Das Thema Datenschutz scheint doch nicht so unbeachtet zu sein, wie man manchmal hört. Die Zahl der Anfragen auf BO, die das Thema “Chrome Datenschutz” beinhalteten, lag gestern im dreistelligen Bereich. Es scheinen sich also doch einige Leute dafür zu interessieren, was Chrome mit Daten macht, bzw. kann man schon lesen, dass man den Browser gerne nutzen würde, Google aber nicht noch mehr Daten in den Rachen werfen mag.
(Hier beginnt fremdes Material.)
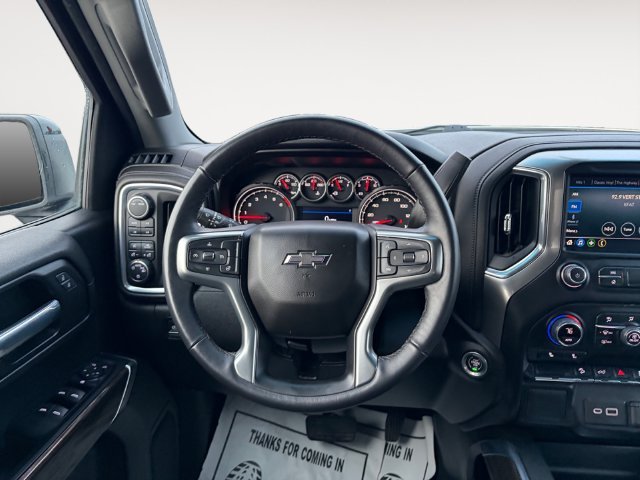Used 2022 White Chevrolet LT Trail Boss image 13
Es scheint als würde das Kriterium Datensicherheit mittlerweile eine Argument sein, dass darüber entscheidet, ob man den Browser nutzt oder nicht. Letztendlich entscheiden ja nicht hohe Downloadzahlen darüber ob das Browser erfolgreich ist sondern die letztendliche Zahl der User die den Browser dann auch nutzt. Und unverzichtbar ist Chrome sicher nicht – wer Bedenken hinsichtlich der Datenübermittlung an Google hat kann auch einen anderen Browser nutzen – auf eventuelle einzigartige Funktionen von Chrome raucht er dabei nicht zu verzichten.

Merkwürdig fand ich die Aussagen zu dem Thema in einem neueren Artikel von Golem.de. Dort fand sich unter anderem folgender Passus:

Auch URLs und Suchanfragen, die in die Adressleiste eingegeben werden, sendet der Browser an Google. Nur so sei es möglich, automatisch gesuchte Begriffe oder URLs vorzuschlagen. Auch aufgerufene, aber nicht vorhandene URLs werden “möglicherweise an Google gesendet, damit wir Ihnen bei der Suche nach der gewünschten URL helfen können”, so Google. Allerdings können diese Funktionen auch deaktiviert werden.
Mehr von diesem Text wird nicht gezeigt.